If rank is 0, print the number of GPUs currently used and the master node IP address information.
dist.init_process_group(backend='nccl', init_method='tcp://{}:{}'.format(MASTER_ADDR, port), world_size=size, rank=rank): Use NCCL backend Initialize the distributed process group.
torch.cuda.set_device(local_rank): Select the specified GPU for this process.
model = torchvision.models. ResNet50 (pretrained=False).to(gpu): Load the ResNet50 model from the torchvision model and move it to the specified gpu.
ddp_model = DistributedDataParallel(model, device_ids=[local_rank]): Wrap the model in the DistributedDataParallel module, which means that we can perform distributed training
Load CIFAR-10 data Collect and apply data augmentation transformations.
train_sampler=torch.utils.data.distributed.DistributedSampler(train_dataset,num_replicas=size,rank=rank): Create a DistributedSampler object to split the data set onto multiple GPUs.

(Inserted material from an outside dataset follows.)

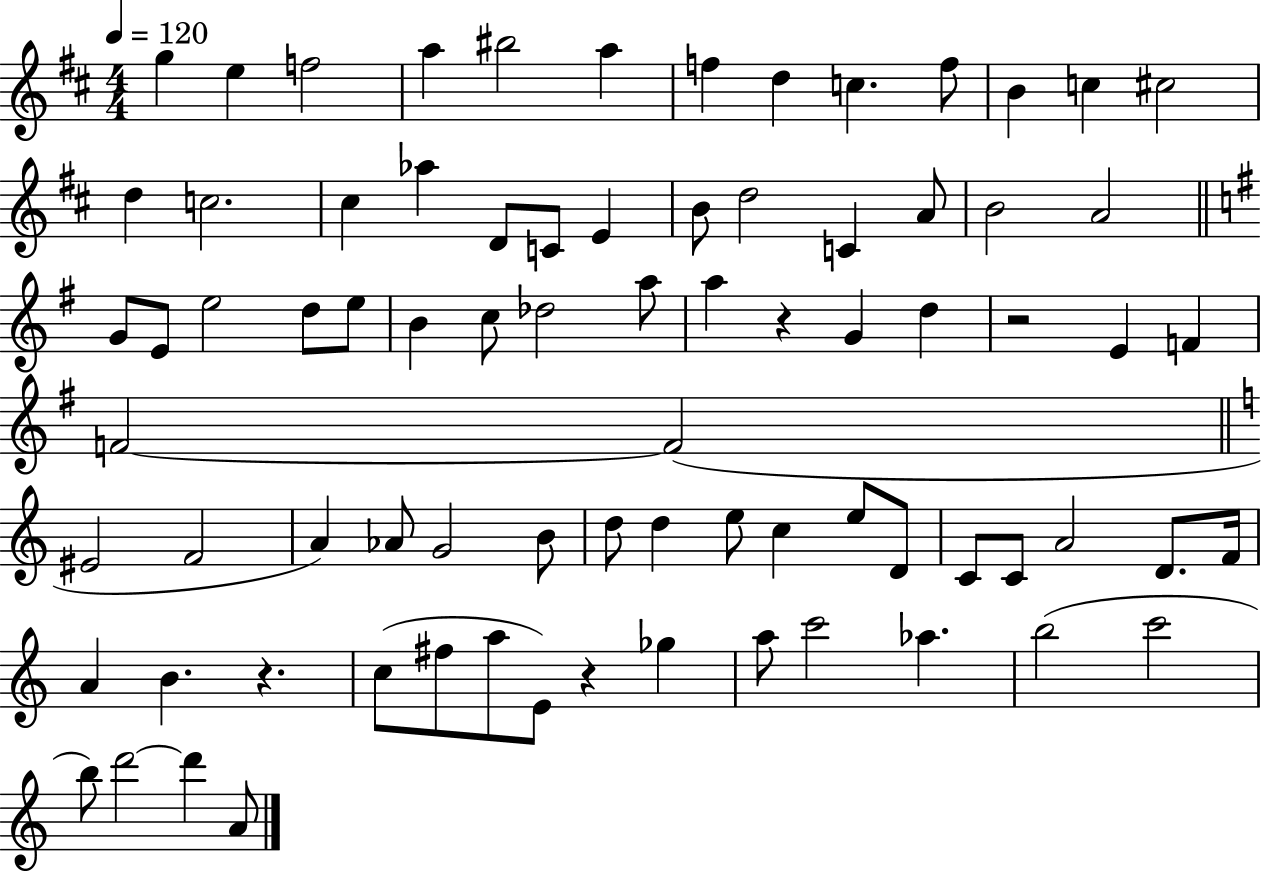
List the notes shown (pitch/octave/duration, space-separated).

G5/q E5/q F5/h A5/q BIS5/h A5/q F5/q D5/q C5/q. F5/e B4/q C5/q C#5/h D5/q C5/h. C#5/q Ab5/q D4/e C4/e E4/q B4/e D5/h C4/q A4/e B4/h A4/h G4/e E4/e E5/h D5/e E5/e B4/q C5/e Db5/h A5/e A5/q R/q G4/q D5/q R/h E4/q F4/q F4/h F4/h EIS4/h F4/h A4/q Ab4/e G4/h B4/e D5/e D5/q E5/e C5/q E5/e D4/e C4/e C4/e A4/h D4/e. F4/s A4/q B4/q. R/q. C5/e F#5/e A5/e E4/e R/q Gb5/q A5/e C6/h Ab5/q. B5/h C6/h B5/e D6/h D6/q A4/e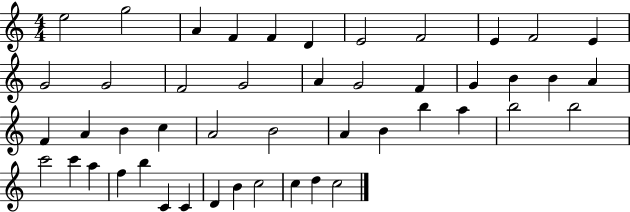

train_loader =torch.utils.data.DataLoader(dataset=train_dataset,batch_size=batch_size_per_gpu,shuffle=False,num_workers=0,pin_memory=True,sampler=train_sampler): Create a DataLoader object and the data will be loaded in batches In the model, this is consistent with our usual training steps, except that a distributed data sampling DistributedSampler is added.
Train the model for the specified number of epochs, and use optimizer.step() to update the weights in a distributed manner.
rank0 saves a checkpoint at the end of each round.
rank0 shows loss and training time every 10 batches.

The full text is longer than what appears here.